Candyman (1992) : Horor Ikonik Legenda Urban Komunitas Kulit Hitam

candyman horor ikonik legenda urban kulit hitam
TriStar Pictures

They will say that I have shed the innocent blood. What’s blood for, if not for shedding?

Film Candyman (2020) yang dijadwalkan tayang bulan Juni nanti, merupakan sekuel langsung dari film orisinalnya dengan judul yang sama. Sebelumnya, karakter horor ikonik Candyman mungkin merupakan salah satu yang kurang populer di telinga penggemar film horor masa kini.

Diadaptasi dari cerita pendek The Forbidden dalam bagian novel Books of Blood karya Clive Barker dengan mengangkat tema legenda urban berdasarkan ruang lingkup kelas sosial dalam sejarah perbudakan terhadap komunitas Kulit Hitam di Amerika.

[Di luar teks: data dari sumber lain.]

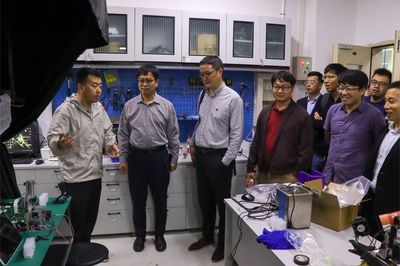 廈門大學柔性電子(未來技術)研究院來訪我院調研交流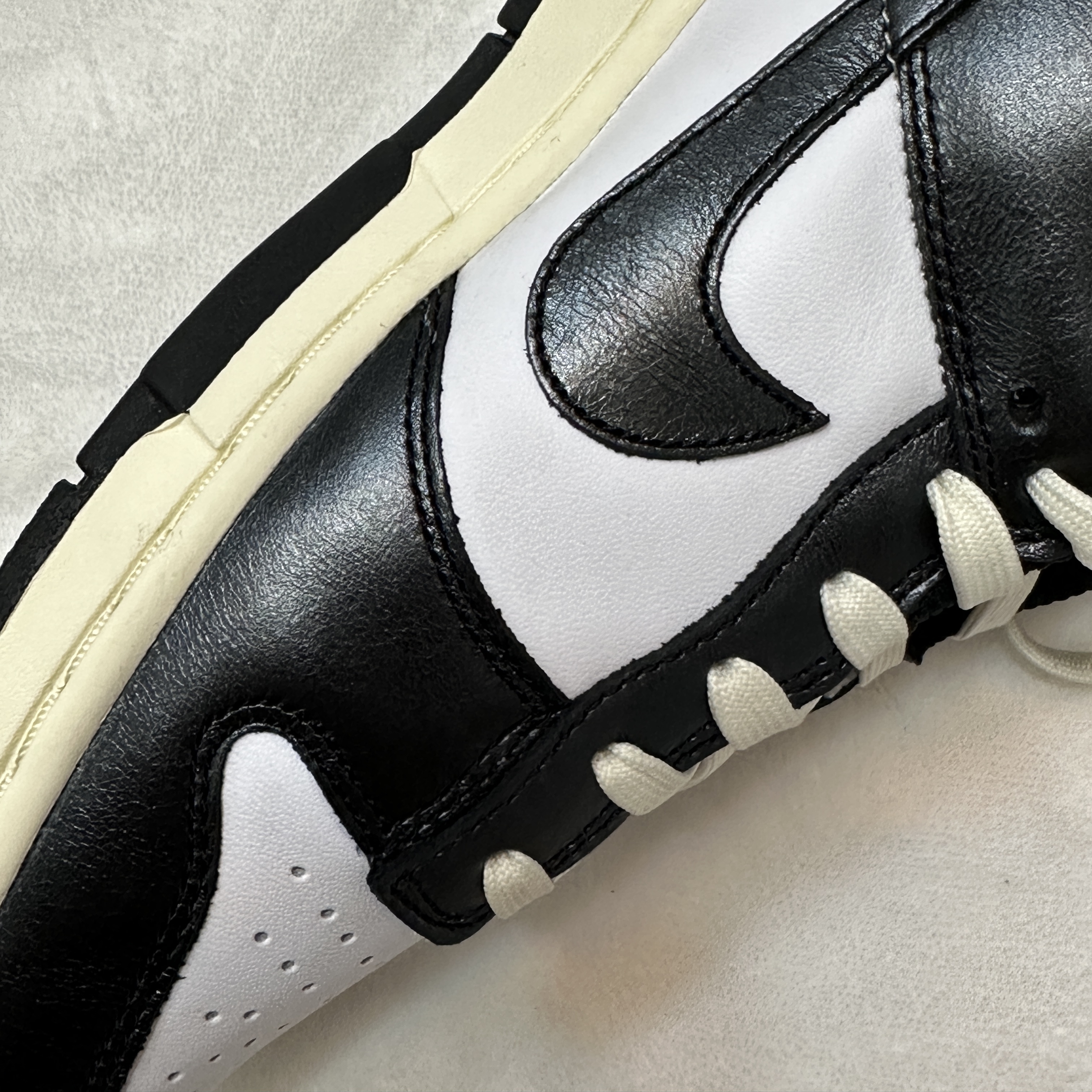 (W) Nike Dunk Low Vintage Black and White 착용 스타일 - 6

Karakter Candyman sendiri yang diperankan dengan prima oleh Tony Todd, digambarkan unik, sebagai pria Kulit Hitam dengan jubah hitam panjang, berlengankan sebuah pengait logam runcing, serta berisikan sekawanan lebah ganas.

Sejak film perdananya diluncurkan pada tahun 1992, maka tiga tahun kemudian dibuatkan sekuelnya dengan sub-judul Farewell to the Flesh dilanjutan dengan Day of the Dead di tahun 1999.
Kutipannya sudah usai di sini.